The seat leans Republican but is highly competitive. Democrat Dan McCready, the 2018 nominee, came within 905 votes on the unofficial count, which of course was suspended because evidence yields that much of the margin, if not all and more, was fraudulent.

The special election appears headed toward a tight finish. Many believed that McCready would score a comfortable win at the beginning of the special cycle because he came so close in November, and particularly after he became a consensus unopposed candidate in the special Democratic primary. But, state Sen. Dan Bishop (R-Charlotte) has been a tougher opponent than outside analysts predicted, and this race appears headed to a photo finish tomorrow.

Polling only began surfacing last week, and we see one reported survey with McCready leading, one giving Bishop the advantage, while the third, the latest study from the co/efficient research firm, projects a flat tie.

Harper Polling released the first survey (Aug. 26-28; 551 likely NC-9 special election voters) that found McCready topping Bishop, 51-46 percent, with leaners to both men included. But, the sample included 56 percent females, which suggests at least a slight Democratic skew.

RRH Elections then released their survey during the same period (Aug. 26-28; 500 likely NC-9 special election voters) and it gave Sen. Bishop a one point, 46-45 percent, edge. Finally, co/efficient publicized what will probably be the last public poll (Sept. 5-6; 1,175 likely NC-9 special election voters through a combination of mobile text responses and automated landline interviews) and finds the candidates tied at 44 percent apiece. Yet, even on this poll the female segment is much larger at 55 percent of the total sample.

The crosstabs suggest that the co/efficient poll might have reliability issues. For example, it finds Bishop only getting 50 percent of the white vote, but 25 percent of the black vote, and a majority of Hispanics. The data also shows Sen. Bishop having a significant advantage among those who said they have already cast their ballot through the early voting process.

Both candidates are hitting their opponent on expected topics. Bishop is attacking McCready as being part of the socialist left, associating him with Rep. Alexandria Ocasio-Cortez, House Speaker Nancy Pelosi, and presidential candidates, Sens. Bernie Sanders and Elizabeth Warren.

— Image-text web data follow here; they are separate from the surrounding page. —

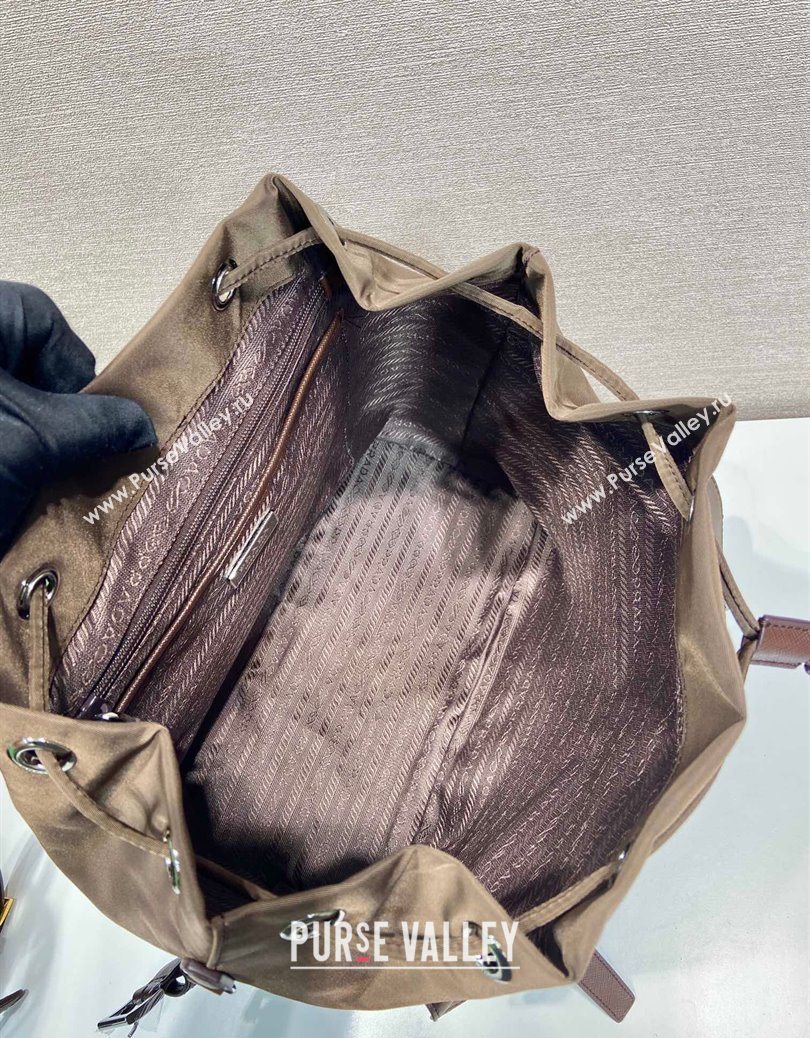 Prada Medium Re-Nylon Backpack Bag Burnt Brown 2025 1BZ811 (YZ-251121132)
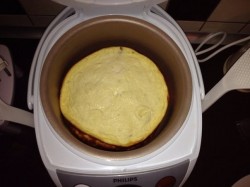 Запеканка из творога со сгущенкой в мультиварке - шаг 1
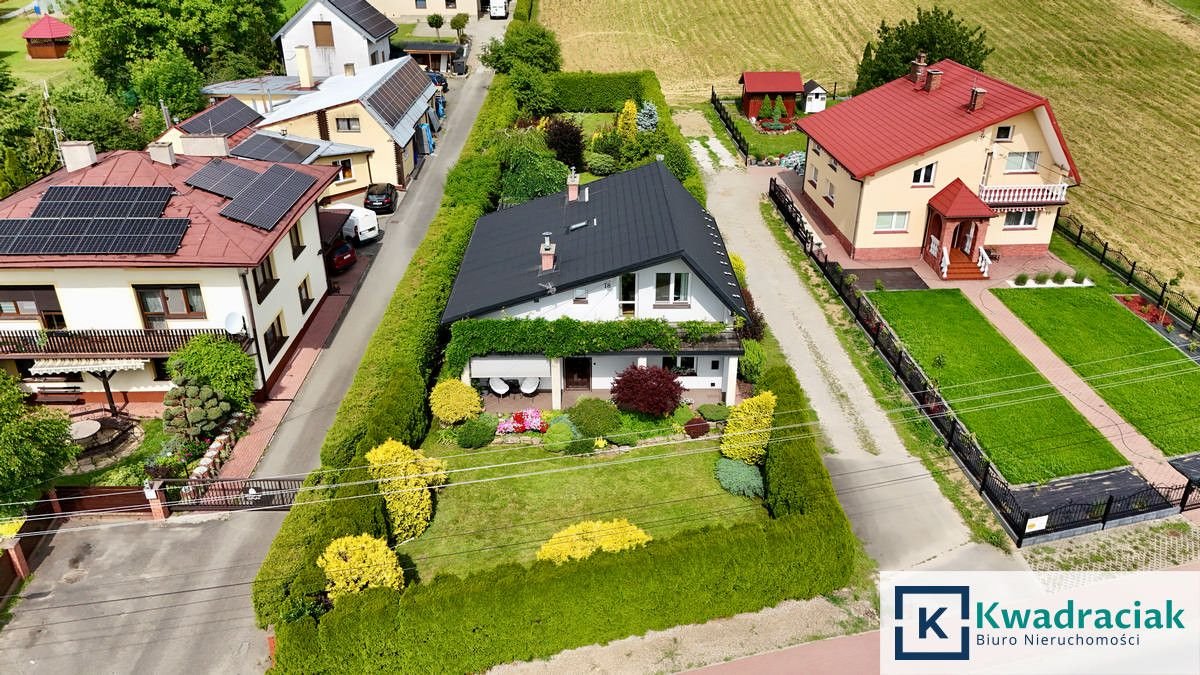 Zadbany dom 110 m² z ogrodem, garażem i tarasem Łężany  110m2 Foto 1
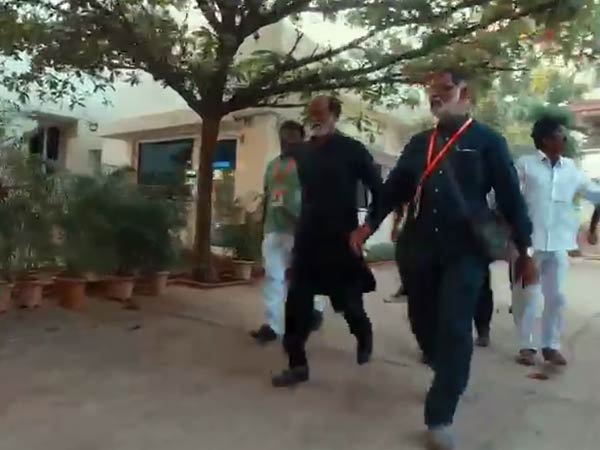 அரசியலுக்கு வரவேண்டும்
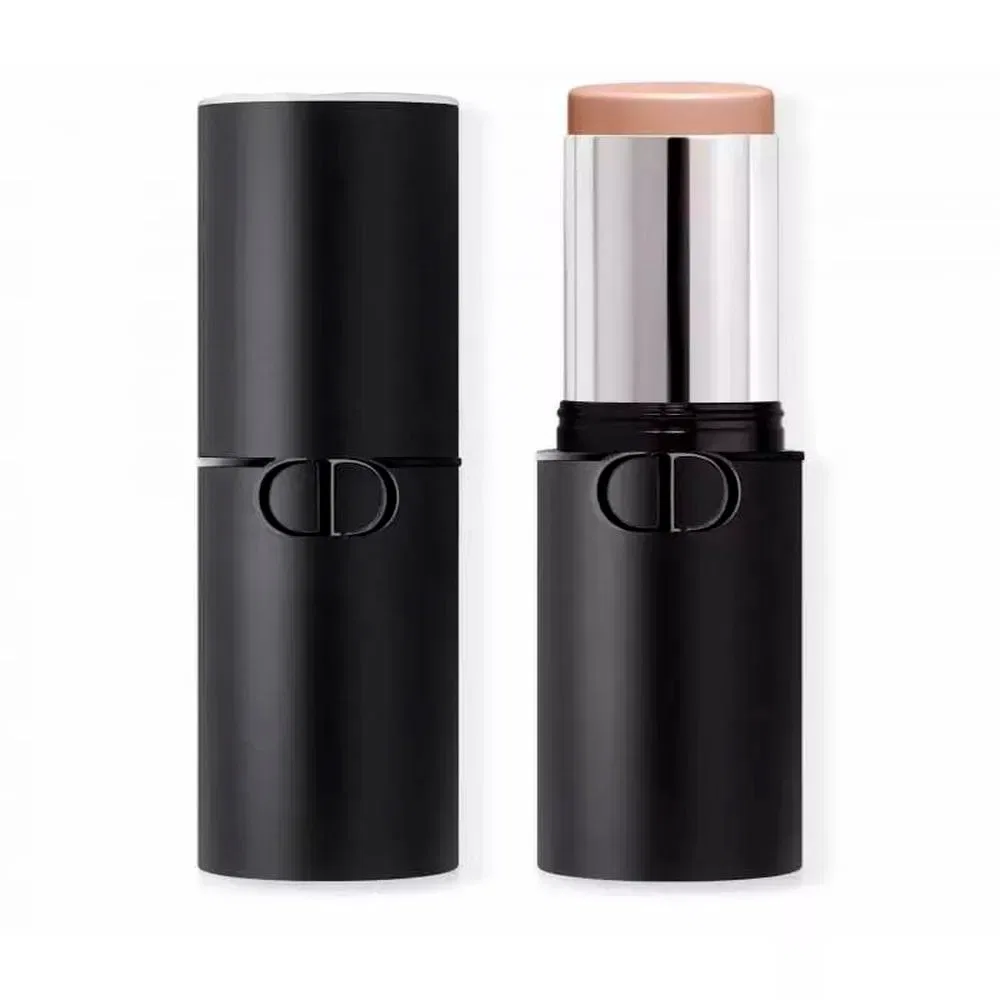 Тональное средство Forever Glow 001 Dior, черный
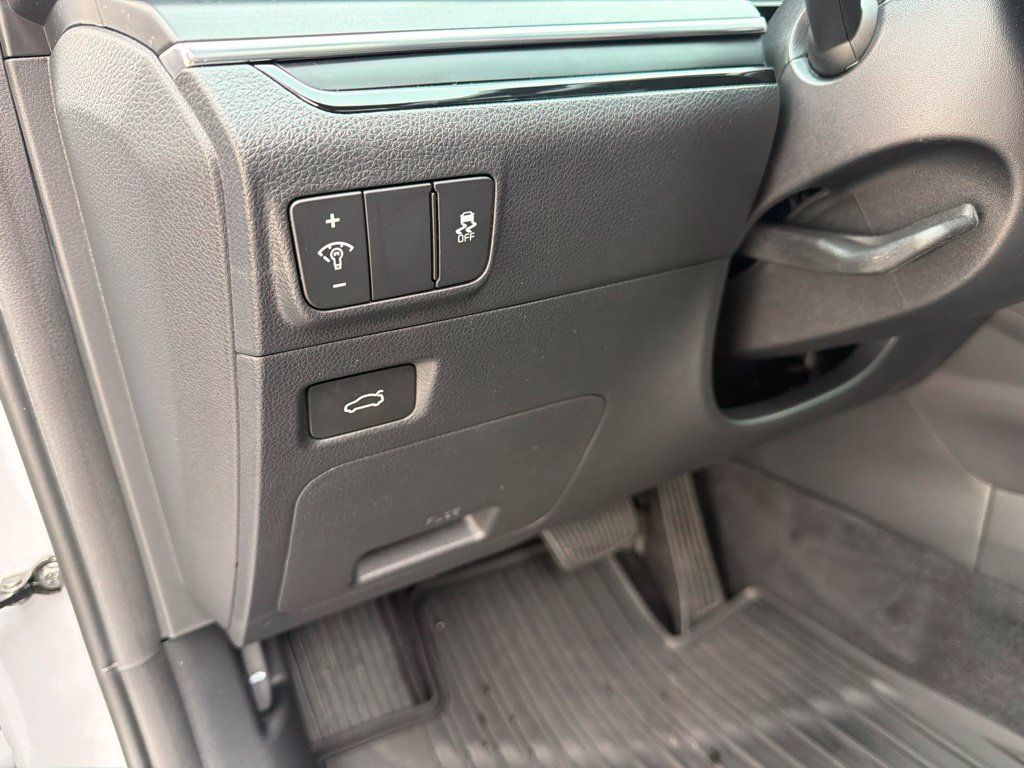 Used 2025 Kia K5 GT w/ GT1 Package FWD image 45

Conversely, McCready is going on offense over healthcare, and Bishop’s authorship of the controversial gender-based “bathroom law” that in large part led to GOP Gov. Pat McCrory’s defeat in 2016.

It is clear that the race will come down to voter turnout. In the simplest of terms, whichever candidate and their outside allies do the best job of getting their identified voters to the polls will claim victory.